Examine my proof: A bijection exists between any two finite nonempty sets that share the same number of elements

Question

I was told to prove or disprove that if the two finite, nonempty sets $X$ and $Y$ have the same number of elements, then there is a one-to-one function from each element of $X$ to each element of $Y$.

I was trying to prove it using mathematical induction in the following way:

Base Case: There is a bijection between $\{x\}$ and $\{y\}$: $f(x)=y$, $f^{-1} (y)=x$.

Assumption: There is a bijection between the sets $A$ and $B$, and $A$ and $B$ are finite, nonempty and have the same number of elements.

Inductive Step: Therefore, $A\cup\{x\}$ and $B\cup\{y\}$ have a bijection if $x\not\in A$ and $y\not\in B$.

Here's me proving the inductive step:

A pair of functions $f$ and $f^{-1}$ exists that links every element of $A$ to $B$ and $B$ to $A$.

With it, a bijection $g$ and $g^{-1}$ can be constructed between $A\cup\{x\}$ and $B\cup\{y\}$. If $a\in A\cup\{x\}$ and $b\in B\cup\{y\}$, then $g$ is defined as follows:

1. $g(a) = f(a)$ if $a\neq x$
2. $g(a) = y$ if $a=x$
3. $g^{-1} (b) = f^{-1} (b)$ if $b\neq y$
4. $g^{-1} (b) = x$ if $b=y$

Then $y$ has only one input in $A$ that points to it, so $g$ is one-to-one.

Exactly the same can be said about $g^{-1}$. $x$ has only one input in $B$, so $g^{-1}$ is one-to-one as well.

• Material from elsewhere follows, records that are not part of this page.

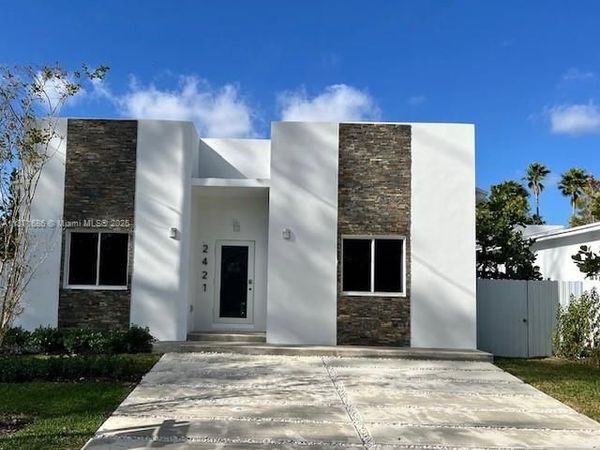 2421 NW 23rd Ln, Fort Lauderdale, FL 33311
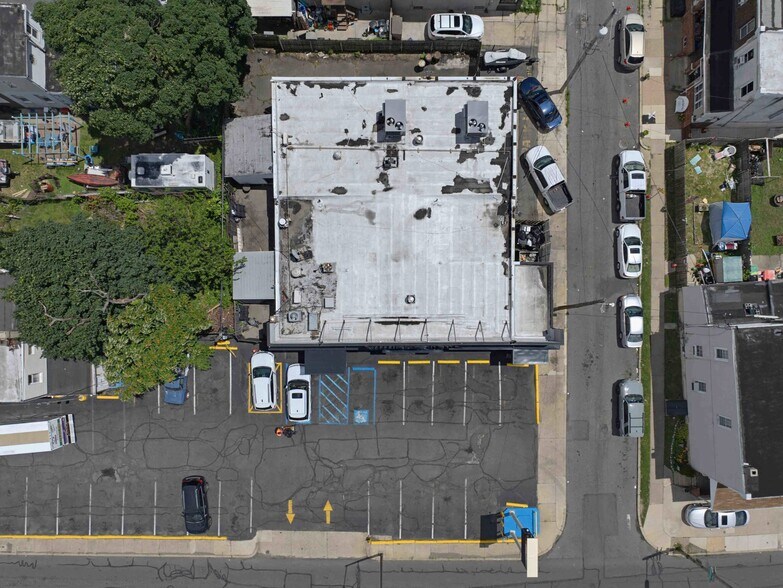 More Photos Of 5921 Tacony St, Philadelphia Bar For Sale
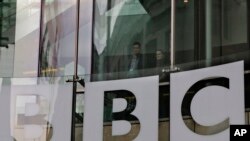 Novinari, voditelji vijesti, urednici i viši menadžeri BBC-a i drugih britanskih medija su među 49 osoba kojima je zabranjen ulazak u Rusiju.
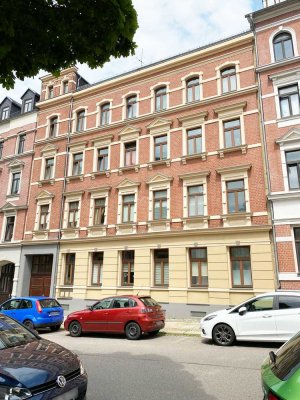 Möblierte 2-Raum Wohnung mit Einbauküche in zentraler Lage zu vermieten
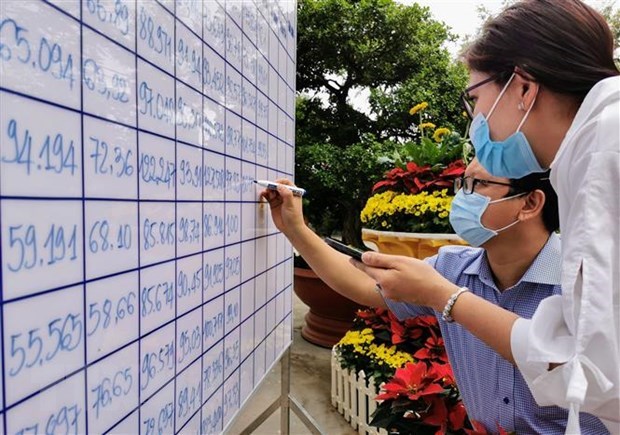 Ủy ban Bầu cử th&agrave;nh phố Cần Thơ cập nhật số liệu cử tri đi bầu. (Ảnh: Thanh Li&ecirc;m/TTXVN) &nbsp;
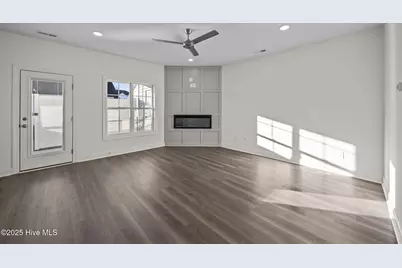 2001 Newbury Way #D, Greenville, NC 27834 - Photo 9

Lastly, since $g(x)=y$, and $g^{-1} (y) = x$, $f$ and $f^{-1}$ are inverses, $g$ and $g^{-1}$ are inverses.

Are there logical holes in this attempted proof?

Answer 1

I think the ideas in your proof are basically ok, but there are nevertheless a couple of problems with it:

1. As the proof is worded you've strictly speaking proved the result only for the particular sets $\ A\ $ and $\ B\ $ which you've built up from your initial single-element sets by adding a succession of elements $\ x\ $ and $\ y\ $ to them. A proper proof for any arbitrary pair of sets with the same number of elements should be worded slightly differently.
2. (Relating to the issues raised by Brian Moehring in his comment) In using a proof by induction, you've implicitly assumed that two finite sets with the same number of elements must both contain exactly $\ n\ $ elements for some positive integer $\ n\ $. Since that assumption is actually correct, there's nothing really wrong with it, but a set's containing exactly $\ n\ $ elements means precisely that there's a bijection between that set and the set $\{1,2, \dots, n\}\ $, and if there is such a pair of bijections $\ \varphi_A:A\rightarrow\{1,2, \dots, n\}\ $ and $\ \varphi_B:B\rightarrow\{1,2, \dots, n\}\ $, then $\ \varphi_B^{-1}\varphi_A\ $ is a bijection from $\ A\ $ to $ \ B\ $ and $\ \varphi_A^{-1}\varphi_B\ $ is a bijection from $\ B\ $ to $ \ A\ $. Your desired conclusion therefore follows almost immediately from the definition of what it means to contain the same number of elements, thus making all the extra steps necessary to complete a proof by induction unnecessary.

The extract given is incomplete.